The logs currently 'roll' hourly for each data type, meaning that at some
point during each hour (if Flume is behaving) the tmp file in HDFS is
closed/renamed with a new one being opened.  This is done for each of 5
running Flume instances.

One problem that has been a challenge to date is effectively bounding our
data queries to make sure we capture all of the data for a given interval
without pulling in the world.  To date, our structure (all in UTC) for each
data type is:

/datatype/yr=2014/mo=06/d=15/{files}

The challenge for us is that Flume is not perfect.

1) It can and will often write data that came in on the new UTC day into
the previous one if that log file has not rolled yet.

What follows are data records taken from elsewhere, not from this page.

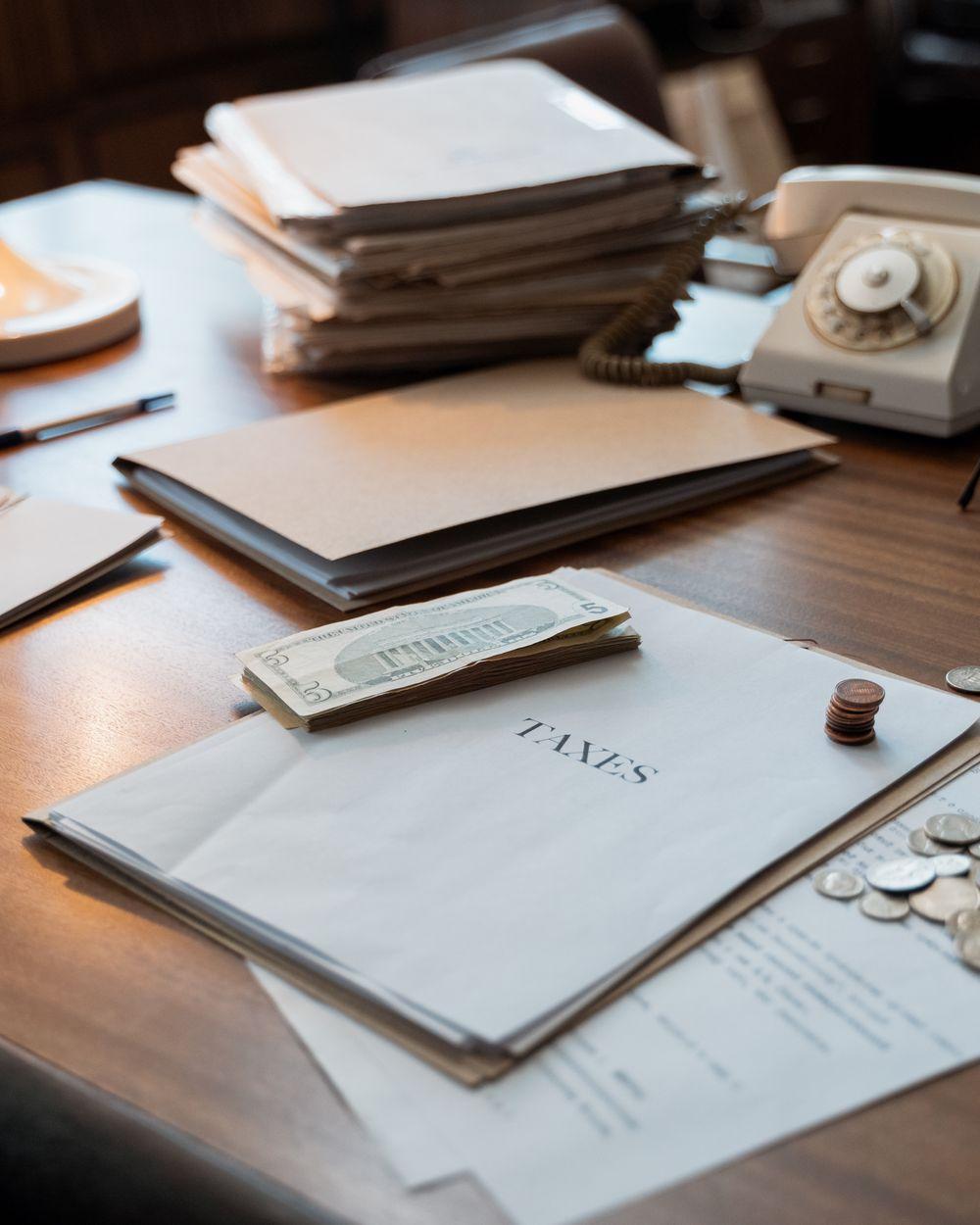 A folder marked Taxes on a desk with banknotes, coins and a rotary telephone.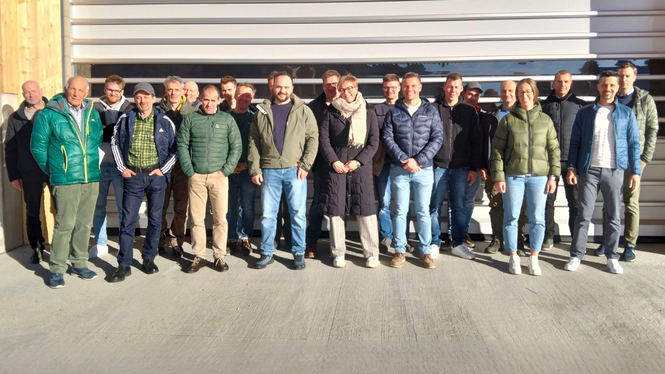 Home Gruppenfoto von 22 Personen vor einer großen Garagentür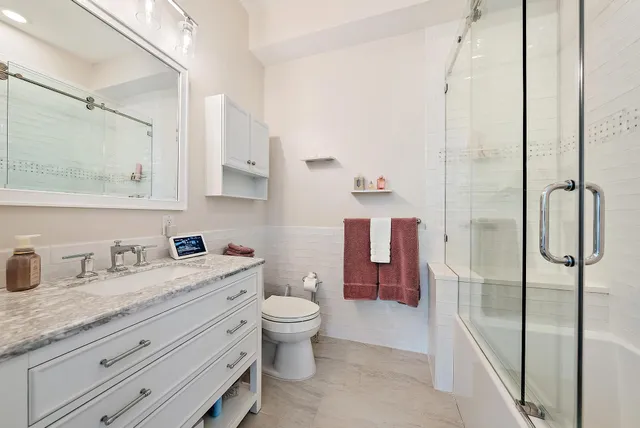 a view of a porch with furniture and garden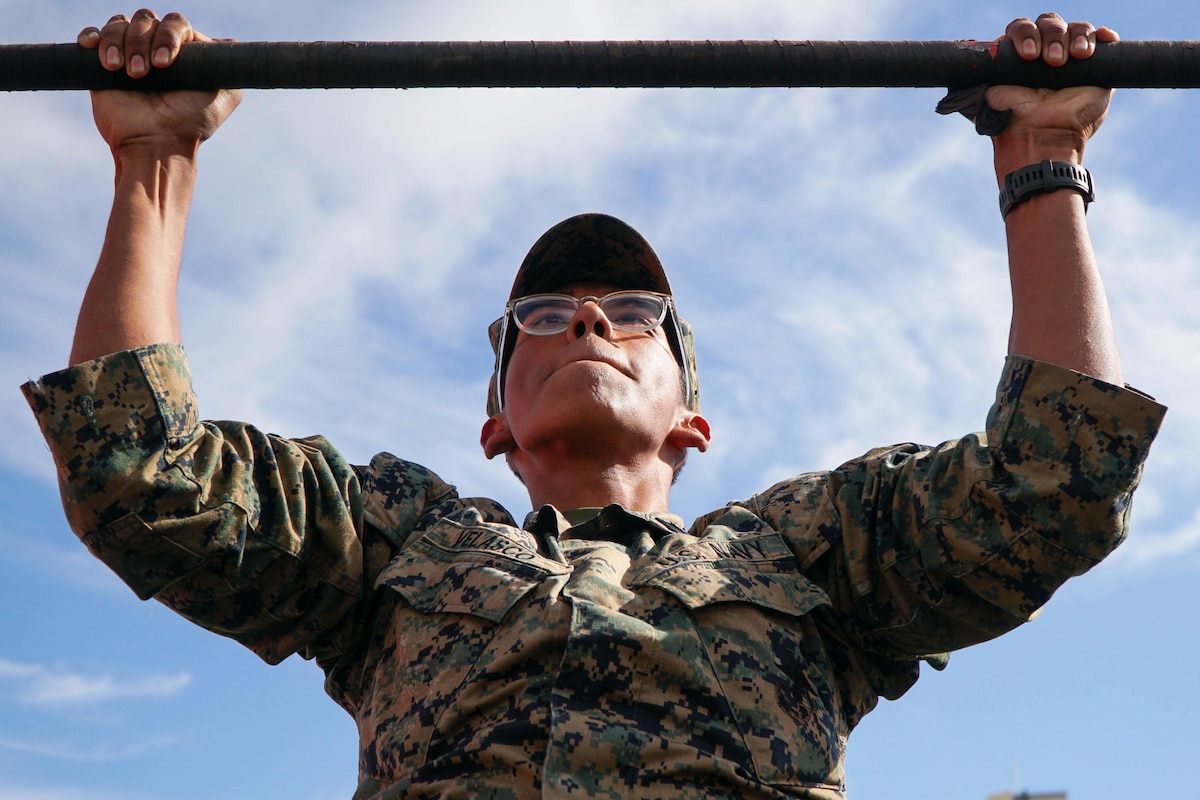 A close-up of a sailor doing a pullup under a cloudy, blue sky.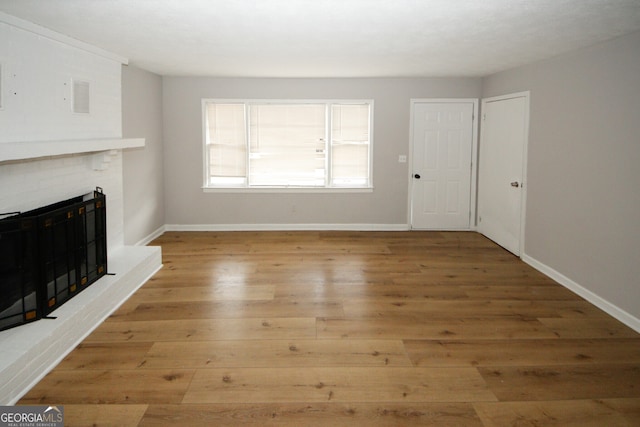 unfurnished living room featuring light hardwood / wood-style flooring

2) Since it does not roll perfectly at the top of each hour, we are having
trouble determining the best way to tightly bound a query for data that is
within a few [3-6] hour window properly.

3) When we are doing data rollups in timezones other than UTC, we end up
reading in all of the data for both UTC containing that data to be on the
safe-side.  It would be nice to bound this as described in (2).


One of the major problems affecting the first two cases is that Flume
sometimes gets 'stuck' - that is, the data will hang out in the file
channel for longer than we anticipate.

Anyway, I was just wondering how others have approached these problems to
date.  If not for the edge cases when data can get stuck in Flume, I think
this would be straightforward.

Re: Flume log rolling when you need to do rollups for multiple time zones

Posted by Hari Shreedharan <hs...@apache.org>.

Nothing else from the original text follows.